Proportional voting in Germany (no ‘first past the post’) pretty much guarantees that all German governments are based on coalitions. The need to compromise prevents radical outcomes. It leads to policies of muddling through issues rather than resolving them.
That’s not a good outlook for Germany but we will have to, again, live with it.
On a positive note: 100% of the 50 million votes, all on paper ballots, were counted within 8 hours. There was no strife.
In fact, the pro-Soviet Ukrainians who nonored Lenin voted for the preservation of the USSR in 1990. And during the Anti-Maidan, the pro-Russian crowds gathered in Leinin squares unde Lenin statues. Which is exactly what the Ukro-Nazis sought to eradicate, a symbol of Russo-Ukrainian unity.
In the end, after reading Ho Chi Minh’s description of how he joined the movement, I’d rather trust the great Vietnamese patriot and revolutionary than a raving ignoramus in the internet.
Posted by: Constantine | Feb 23 2025 14:55 utc | 396
Hi there Constantine, fellow raving ignoramus on the internet. Wait, you thought you weren’t one of us? Anyway, I knew you’re anti-DEI with your rant about Hitler wearing a pride flag armband, but I wasn’t certain what your position on migration was until I saw your latest post, which was enough for me to conclude that you’re a garden variety right-winger using socialist language to deceive others.
As for your temerity to suggest that opposition to the neoliberal immigration policies is somehow “right-wing”, well, this is one more validation why all you people are neoliberal right-wingers with socialist pretensions, hiding your reactionary views behind a fraudulent pseudo-progressive veneer, no different than the rest of the establishment swine.

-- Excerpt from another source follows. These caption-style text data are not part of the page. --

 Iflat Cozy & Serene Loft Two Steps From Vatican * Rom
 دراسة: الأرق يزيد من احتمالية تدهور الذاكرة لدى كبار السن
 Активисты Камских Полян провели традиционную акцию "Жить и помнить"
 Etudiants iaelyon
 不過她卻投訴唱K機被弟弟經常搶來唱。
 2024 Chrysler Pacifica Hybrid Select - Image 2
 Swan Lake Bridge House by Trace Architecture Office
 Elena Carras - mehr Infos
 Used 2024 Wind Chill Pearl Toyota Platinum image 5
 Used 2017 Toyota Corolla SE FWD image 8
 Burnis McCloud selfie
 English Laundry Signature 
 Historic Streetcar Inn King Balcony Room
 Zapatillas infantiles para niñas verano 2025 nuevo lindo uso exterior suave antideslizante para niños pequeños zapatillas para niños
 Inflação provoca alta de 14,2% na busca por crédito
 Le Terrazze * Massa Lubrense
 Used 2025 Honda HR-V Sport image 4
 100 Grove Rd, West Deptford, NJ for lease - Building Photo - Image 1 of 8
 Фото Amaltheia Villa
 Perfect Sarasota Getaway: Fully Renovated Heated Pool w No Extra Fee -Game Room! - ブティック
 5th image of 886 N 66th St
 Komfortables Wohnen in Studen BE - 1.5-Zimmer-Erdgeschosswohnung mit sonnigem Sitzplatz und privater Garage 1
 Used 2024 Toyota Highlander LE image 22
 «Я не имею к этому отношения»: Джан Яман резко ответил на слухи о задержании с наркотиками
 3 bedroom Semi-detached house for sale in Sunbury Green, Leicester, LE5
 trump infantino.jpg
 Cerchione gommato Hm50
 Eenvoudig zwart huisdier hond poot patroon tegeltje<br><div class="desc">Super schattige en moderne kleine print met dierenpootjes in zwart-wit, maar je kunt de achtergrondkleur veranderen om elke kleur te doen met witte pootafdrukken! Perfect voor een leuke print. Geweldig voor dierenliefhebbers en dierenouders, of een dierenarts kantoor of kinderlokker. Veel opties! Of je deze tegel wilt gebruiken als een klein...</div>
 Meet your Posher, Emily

Truly, the neoliberal progs are the worst vermin of the political spectrum. Fascists with American characteristics.
Posted by: Constantine | Feb 24 2025 23:54 utc | 120
Let’s hear what Lenin has to say on the subject of migration.
V. I. Lenin – Capitalism and Workers’ Immigration
https://www.marxists.org/archive/lenin/works/1913/oct/29.htm
Capitalism has given rise to a special form of migration of nations. The rapidly developing industrial countries, introducing machinery on a large scale and ousting the backward countries from the world market, raise wages at home above the average rate and thus attract workers from the backward countries.
America heads the list of countries which import workers.
The growth of immigration is enormous and continues to increase. During the five years 1905–09 the average number of immigrants entering America (the United States alone is referred to) was over a million a year. (AUH note: for context, US population grew from 76 million to 1900 to 92 million in 1910, as per Wikipedia)
It is interesting to note the change in the place of origin of those emigrating to America, Up to 1880 the so-called old immigration prevailed, that is, immigration from the old civilised countries, such as Great Britain, Germany and partly from Sweden. Even up to 1890, Great Britain and Germany provided more than half the total immigrants.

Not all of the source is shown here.